#### [Requirement]
Please return exactly the lines below that run from the line with "Today we're going" through the end of the listing, both included, but not the pictures.

#### [Supplied data]
______

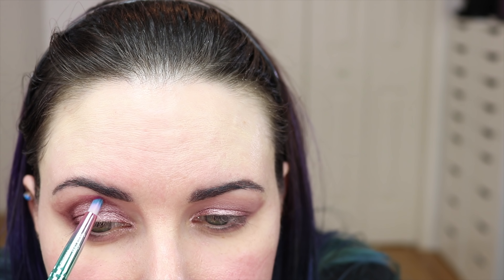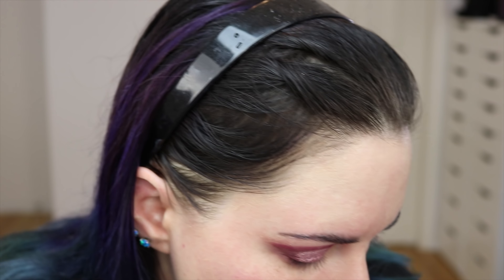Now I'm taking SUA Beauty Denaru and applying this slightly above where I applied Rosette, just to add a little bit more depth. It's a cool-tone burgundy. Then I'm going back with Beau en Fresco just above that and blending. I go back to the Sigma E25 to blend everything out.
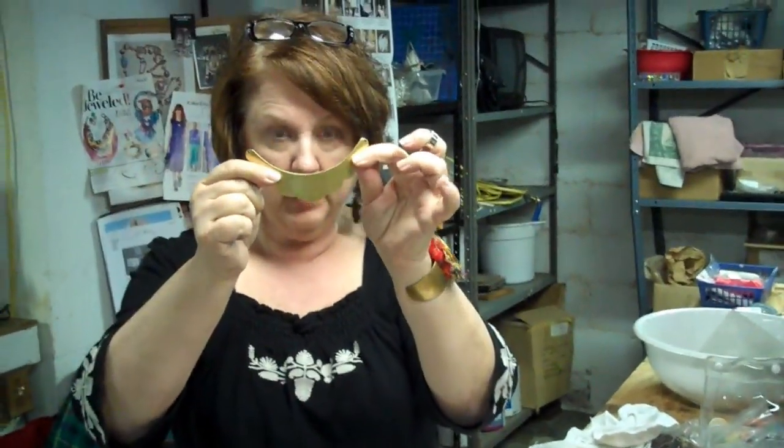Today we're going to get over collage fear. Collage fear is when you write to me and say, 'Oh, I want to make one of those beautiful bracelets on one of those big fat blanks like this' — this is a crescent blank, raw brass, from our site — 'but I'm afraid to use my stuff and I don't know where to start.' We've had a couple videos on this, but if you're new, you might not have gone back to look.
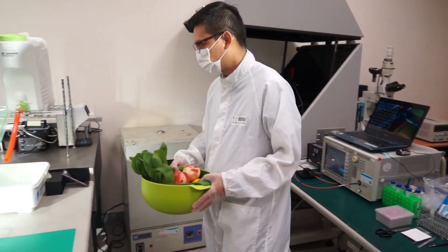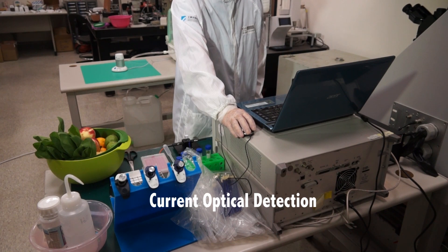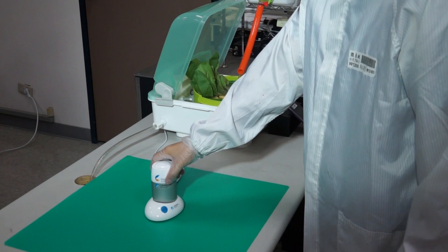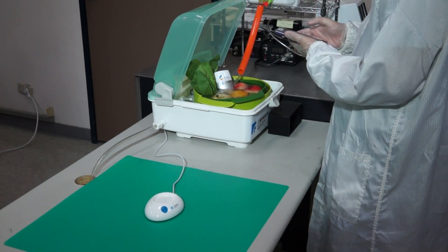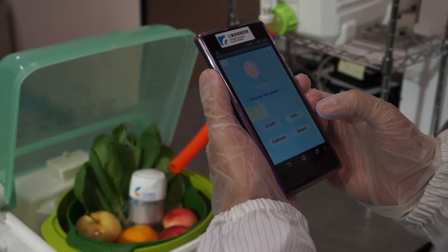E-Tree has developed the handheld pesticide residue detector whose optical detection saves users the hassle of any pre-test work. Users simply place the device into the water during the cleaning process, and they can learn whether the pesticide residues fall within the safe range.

______

#### [Output]
Today we're going to get over collage fear. Collage fear is when you write to me and say, 'Oh, I want to make one of those beautiful bracelets on one of those big fat blanks like this' — this is a crescent blank, raw brass, from our site — 'but I'm afraid to use my stuff and I don't know where to start.' We've had a couple videos on this, but if you're new, you might not have gone back to look.
E-Tree has developed the handheld pesticide residue detector whose optical detection saves users the hassle of any pre-test work. Users simply place the device into the water during the cleaning process, and they can learn whether the pesticide residues fall within the safe range.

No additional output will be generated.